Carol Emshwiller (b. April 12, 1921) was born Agnes Carolyn Fries in Ann Arbor, Michigan, the eldest of Charles and Agnes (Carswell) Fries’s four children. Growing up, she spent several years in France and Germany while her father, a professor of English and linguistics, was on sabbatical. Graduating from the University of Michigan with a B.A. in music in 1945, she joined the Red Cross, aiding U.S. troops in postwar Italy, then returned to Ann Arbor for art school. She married fellow art student Ed Emshwiller in 1949. Together, they attended the Ecole Nationale Superieure des Beaux-Arts (1949–50), toured Europe on a motorcycle, and eventually settled in Levittown, New York, where they had three children, in 1955, 1957, and 1959.
Emshwiller began publishing science fiction in the mid-1950s, after being introduced to key people within the genre by her husband, who became one of the principal genre artists of the era. During the 1960s, Emshwiller and her husband expanded their circle to include avant-garde musicians, painters, poets, and filmmakers—as she put it, “we were enmeshed. Embedded. Passionate about that sixties world and nothing else.” Not surprisingly, her experimental stories were often associated with science fiction’s “New Wave,” and in 1962 she received an honorable mention for her short story “Adapted”—the first of many such honors she would accumulate in subsequent decades.

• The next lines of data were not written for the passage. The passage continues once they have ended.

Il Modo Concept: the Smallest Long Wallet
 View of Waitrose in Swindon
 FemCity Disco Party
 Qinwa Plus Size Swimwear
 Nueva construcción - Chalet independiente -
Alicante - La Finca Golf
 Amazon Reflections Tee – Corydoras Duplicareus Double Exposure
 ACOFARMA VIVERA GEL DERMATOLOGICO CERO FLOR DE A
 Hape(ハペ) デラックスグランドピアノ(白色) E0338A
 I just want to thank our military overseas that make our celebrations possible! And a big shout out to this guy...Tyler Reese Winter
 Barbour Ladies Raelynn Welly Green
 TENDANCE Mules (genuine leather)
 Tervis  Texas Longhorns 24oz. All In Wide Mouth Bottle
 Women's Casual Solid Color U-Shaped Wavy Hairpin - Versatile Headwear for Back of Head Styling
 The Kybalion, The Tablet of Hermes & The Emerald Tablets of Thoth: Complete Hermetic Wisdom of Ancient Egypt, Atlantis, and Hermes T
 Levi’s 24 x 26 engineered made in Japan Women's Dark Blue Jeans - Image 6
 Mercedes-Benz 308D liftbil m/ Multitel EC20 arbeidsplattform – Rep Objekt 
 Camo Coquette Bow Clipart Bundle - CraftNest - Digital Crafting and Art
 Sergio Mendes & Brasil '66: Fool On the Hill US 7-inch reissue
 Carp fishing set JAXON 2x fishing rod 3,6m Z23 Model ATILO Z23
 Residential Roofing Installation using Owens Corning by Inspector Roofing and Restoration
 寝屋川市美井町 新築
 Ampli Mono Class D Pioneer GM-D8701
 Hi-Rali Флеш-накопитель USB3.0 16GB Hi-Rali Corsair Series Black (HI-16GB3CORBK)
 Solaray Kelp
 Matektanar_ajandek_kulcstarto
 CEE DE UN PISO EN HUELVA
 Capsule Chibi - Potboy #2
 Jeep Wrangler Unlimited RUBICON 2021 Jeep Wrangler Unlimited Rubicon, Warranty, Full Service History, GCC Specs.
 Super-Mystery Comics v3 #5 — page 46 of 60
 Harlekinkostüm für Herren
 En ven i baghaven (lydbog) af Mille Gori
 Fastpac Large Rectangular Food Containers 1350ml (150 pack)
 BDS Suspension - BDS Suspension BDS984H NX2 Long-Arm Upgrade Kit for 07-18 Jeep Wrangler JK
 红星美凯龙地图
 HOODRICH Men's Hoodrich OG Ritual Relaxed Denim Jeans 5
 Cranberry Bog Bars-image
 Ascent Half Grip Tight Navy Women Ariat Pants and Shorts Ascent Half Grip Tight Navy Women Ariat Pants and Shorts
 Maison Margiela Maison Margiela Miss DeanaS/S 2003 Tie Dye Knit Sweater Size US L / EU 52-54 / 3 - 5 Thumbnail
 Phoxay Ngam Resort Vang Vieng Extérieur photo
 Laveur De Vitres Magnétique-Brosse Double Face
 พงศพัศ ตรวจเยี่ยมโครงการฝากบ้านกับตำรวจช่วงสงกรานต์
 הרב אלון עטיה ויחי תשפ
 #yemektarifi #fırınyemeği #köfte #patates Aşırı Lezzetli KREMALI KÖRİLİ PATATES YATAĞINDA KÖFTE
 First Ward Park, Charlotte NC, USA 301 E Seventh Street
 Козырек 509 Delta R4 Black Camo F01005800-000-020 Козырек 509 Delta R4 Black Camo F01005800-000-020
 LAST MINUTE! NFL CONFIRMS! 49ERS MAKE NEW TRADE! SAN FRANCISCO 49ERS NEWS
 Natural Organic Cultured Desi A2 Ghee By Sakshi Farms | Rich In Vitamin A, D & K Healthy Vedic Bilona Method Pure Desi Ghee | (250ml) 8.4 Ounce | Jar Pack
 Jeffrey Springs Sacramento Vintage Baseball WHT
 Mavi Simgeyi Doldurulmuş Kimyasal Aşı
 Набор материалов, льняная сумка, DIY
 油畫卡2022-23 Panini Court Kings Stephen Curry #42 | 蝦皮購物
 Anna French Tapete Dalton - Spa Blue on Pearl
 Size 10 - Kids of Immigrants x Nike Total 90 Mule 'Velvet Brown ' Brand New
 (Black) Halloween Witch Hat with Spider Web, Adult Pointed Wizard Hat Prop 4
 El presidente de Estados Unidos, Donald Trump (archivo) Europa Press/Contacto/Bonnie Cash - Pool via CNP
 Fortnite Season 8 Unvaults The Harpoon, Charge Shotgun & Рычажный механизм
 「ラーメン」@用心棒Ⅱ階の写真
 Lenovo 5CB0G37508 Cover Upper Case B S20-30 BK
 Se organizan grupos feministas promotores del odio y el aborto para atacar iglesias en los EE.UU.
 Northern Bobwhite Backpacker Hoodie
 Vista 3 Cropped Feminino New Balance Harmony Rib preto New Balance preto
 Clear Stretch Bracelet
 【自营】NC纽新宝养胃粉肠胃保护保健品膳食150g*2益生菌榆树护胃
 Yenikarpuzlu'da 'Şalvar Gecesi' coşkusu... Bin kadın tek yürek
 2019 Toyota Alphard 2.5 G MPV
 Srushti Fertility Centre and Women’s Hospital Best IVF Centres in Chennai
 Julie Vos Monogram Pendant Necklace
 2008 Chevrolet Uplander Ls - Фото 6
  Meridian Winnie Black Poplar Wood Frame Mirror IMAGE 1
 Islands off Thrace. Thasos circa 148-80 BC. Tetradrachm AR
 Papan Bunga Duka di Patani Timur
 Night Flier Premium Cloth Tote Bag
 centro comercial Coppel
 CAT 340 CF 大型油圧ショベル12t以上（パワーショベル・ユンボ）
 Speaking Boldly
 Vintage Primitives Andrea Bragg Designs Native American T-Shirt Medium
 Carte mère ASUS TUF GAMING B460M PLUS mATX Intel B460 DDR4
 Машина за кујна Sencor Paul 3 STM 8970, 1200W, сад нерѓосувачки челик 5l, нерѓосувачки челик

In 1974 Emshwiller became an adjunct assistant professor at New York University and published her first story collection, Joy in Our Cause. She has continued to publish almost nonstop since then. Her novels include Carmen Dog (1998), The Mount (2002), Mister Boots (2005), and The Secret City (2007). Fellow science fiction author Ursula K. Le Guin praised her as a “major fabulist, a marvelous magical realist, one of the strongest, most complex, most consistently feminist voices in fiction”; to date, Emshwiller has won one World Fantasy Award, one Philip K. Dick Award, two Nebula Awards, and a World Fantasy Award for Lifetime Achievement (in 2005). Since her husband’s death in 1990, she has divided her time between New York City and Owens Valley, California.